I stood in the hall with a lump in my throat, thoughts whirling in my mind. The conversation had been going well until she said those last three words, “Don’t tell anybody.” As soon as I heard them, my stomach dropped. I felt a little sick because I knew what she didn’t, I had already told somebody. The thing was, I struggled with whether or not to tell her I’d already let the cat out of the bag. I knew it would disappoint her and maybe even make her mad to know I’d already shared news that wasn’t really mine to share.
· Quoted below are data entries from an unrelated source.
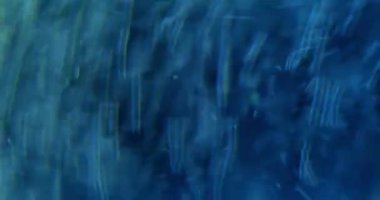 Bokeh akış parçacıkları. Hızlı karıştırma. Hızlandırılmış dönüş efekti. Hareket halkası su rengi değişimi. Baloncuk sıvısı. Aktif difüzyon. Atmosferi değiştir.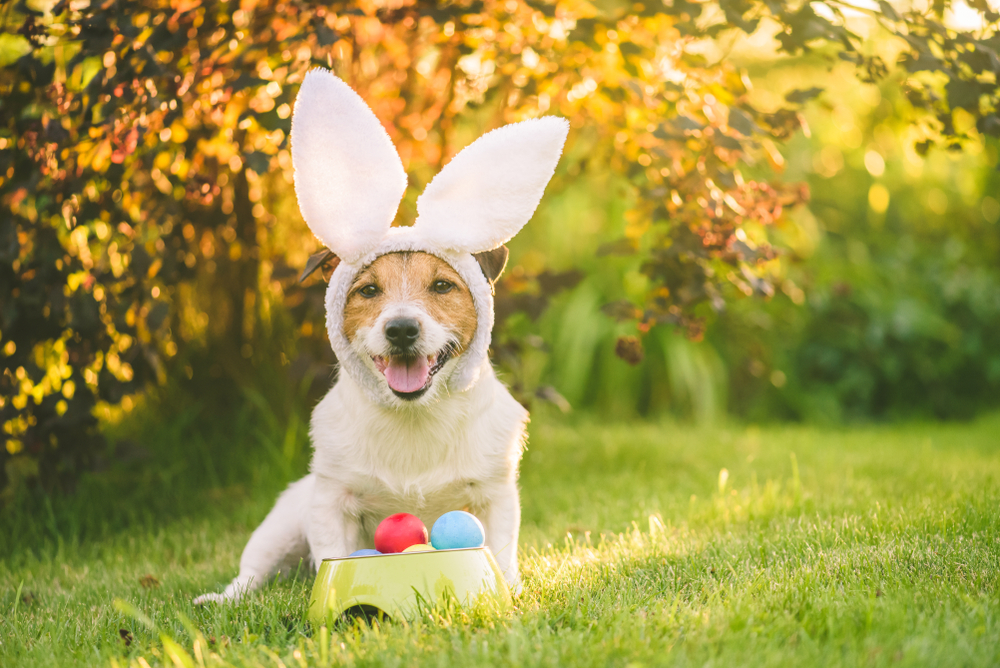 Petland_puppy_Easter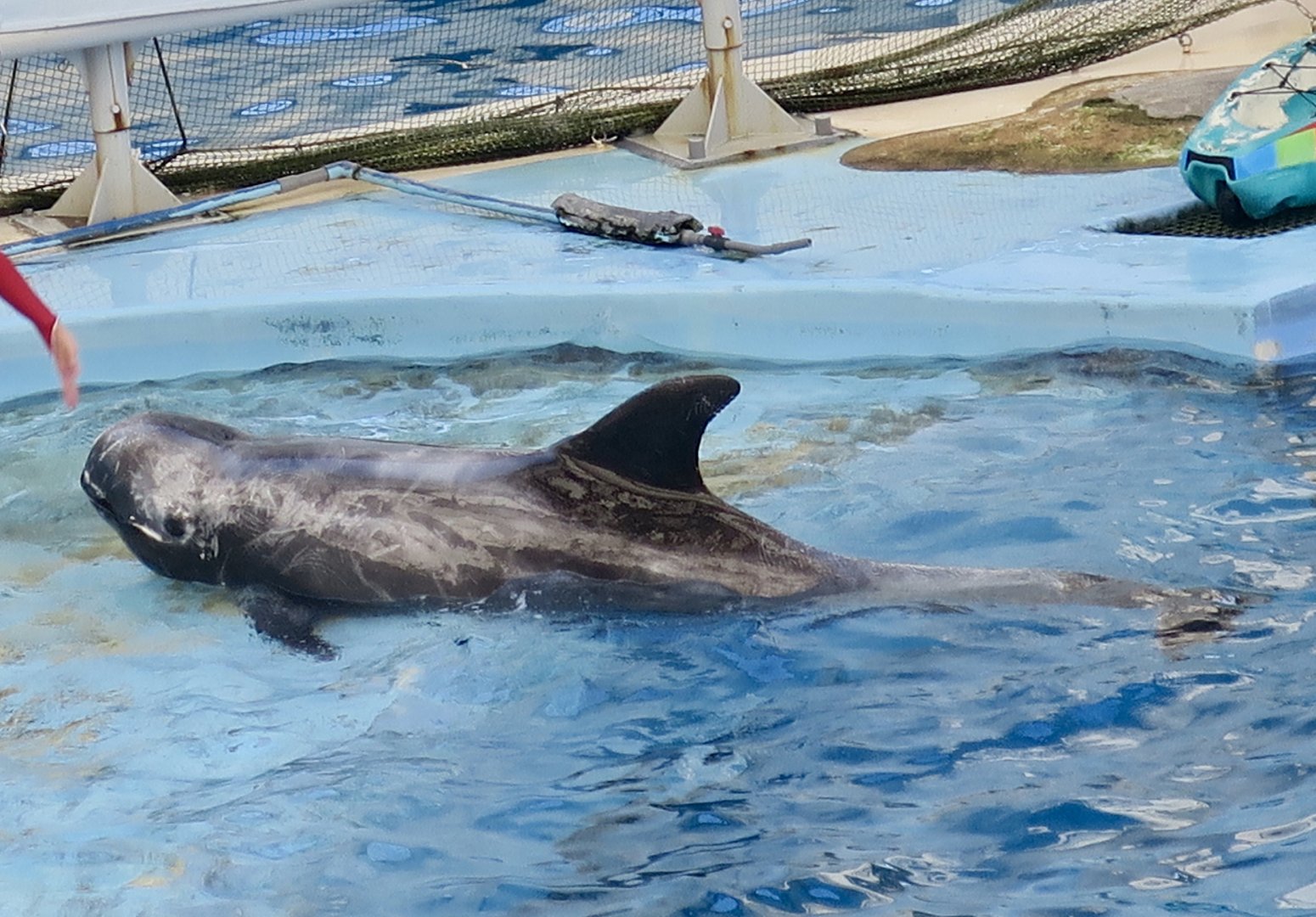 Risso's Dolphin (Grampus griseus) - Farglory Ocean Park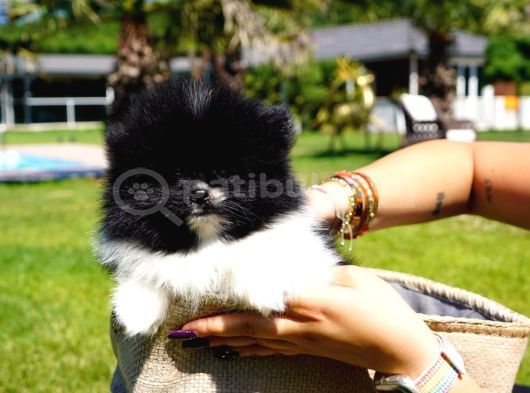 Efsane Güzel Pomerani̇an Boo Yavrulari Istanbul görsel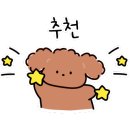 그루밍이즈 이미지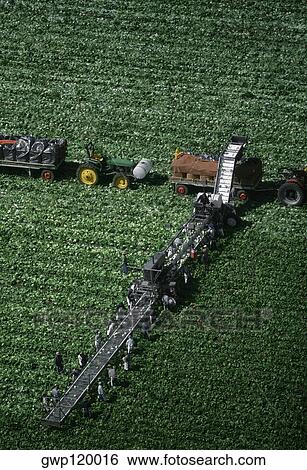 Stock Photograph - Aerial, harvesting head lettuce. Fotosearch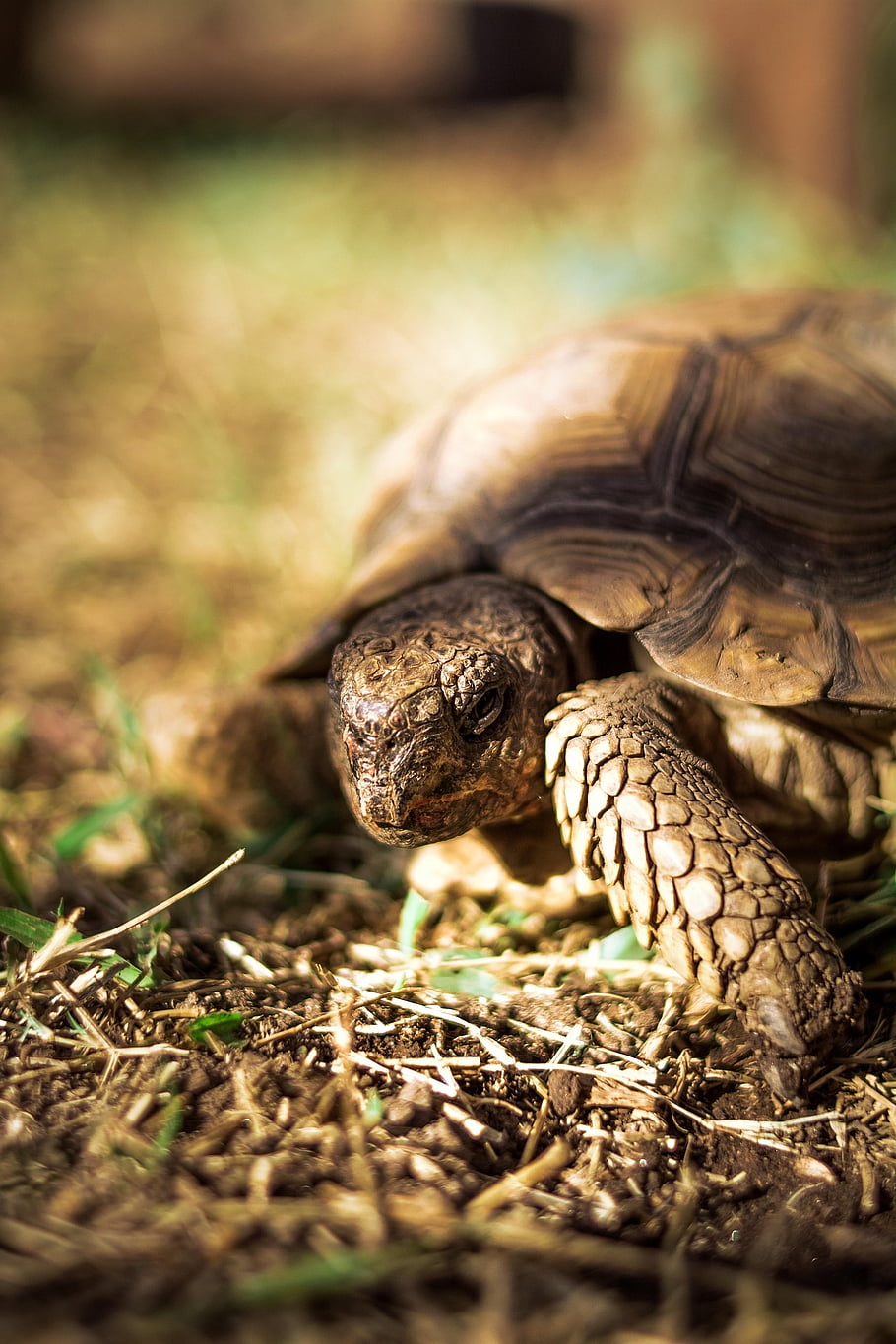 tortoise, reptile, animal, chaco Tortoise, argentine Tortoise, patagonian Tortoise, southern Wood Tortoise, fauna, nature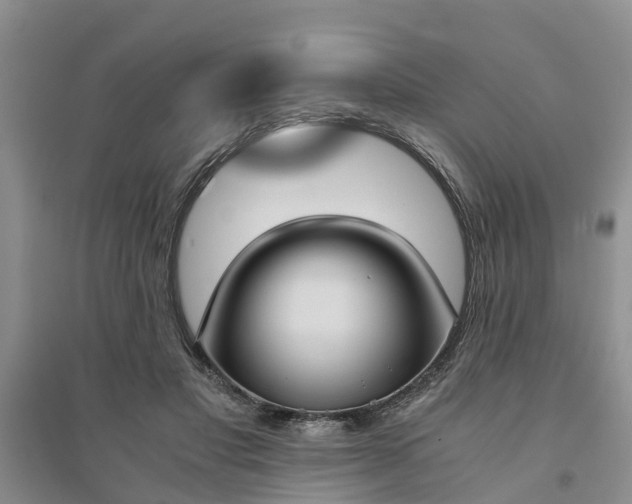 X0000094320501200711091344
An inward battle quietly raged.
Our conversation weaved in and out of a few shallow topics before I gave in to what I knew I had to do. Around the tightening in my throat, I squeaked out a confession that I’d already shared her news. I could hear the disappointment in her voice as she struggled to maintain composure, I also knew what she said next could change a lot of things about our relationship.
Before she could speak, I blurted out “I’m sorry.”
In the back of my mind I wondered what the big deal was, the news was going to get out anyway. But way down in my heart I knew I’d been overly excited about the good information and shared it with enthusiasm and without permission. The call ended pretty quickly after my confession and I was left standing in the hallway, my phone to my ear with only silence on the other end.
The words “I’m sorry” rung in my ears and a part of me rebelled against the sound of them, or maybe it was the feel of them, I wasn’t really sure.
I wanted so badly to defend myself, wanted to say I hadn’t been warned to keep quiet until it was too late, but every time the self-protective thoughts came to mind I halted them and spoke the truth to my wounded pride.
It was not my news to share.
The inward tug of war led me to an age old question I’m pretty sure I don’t have the answer to, why is it so hard to say I’m sorry? Why do those two words have the power to leave a bitter taste or invoke feelings of exhilaration? In my situation, I didn’t want to be sorry, I wanted declare my innocence. I wanted to flip my hair and walk away, never really taking any responsibility for the hurt and disappointment I’d caused. But, I’d made a promise to myself recently to be more transparent, more willing to confess and own up to my mistakes.
More willing to be sorry.
I read a short article recently about people who struggle to say I’m sorry. I don’t feel like I struggle with it all the time, but there are definitely days when those words do not want to slip off my tongue. At times they get stuck in my throat and nearly strangle me to death. In the article those who struggle to say I’m sorry frequently are called “non-apologists” and the very first reason the author gave for why there’s a struggle resonated with me.
Let me quote the author.
“Admissions of wrongdoing are incredibly threatening for non-apologists because they have trouble separating their actions from their character. If they did something bad, they must be bad people; if they were neglectful, they must be fundamentally selfish and uncaring; if they were wrong, they must be ignorant or stupid, etc. Therefore, apologies represent a major threat to their basic sense of identity and self-esteem.” 5 Reasons Why Some People Will Never Say Sorry by Dr. Guy Winch Ph.D.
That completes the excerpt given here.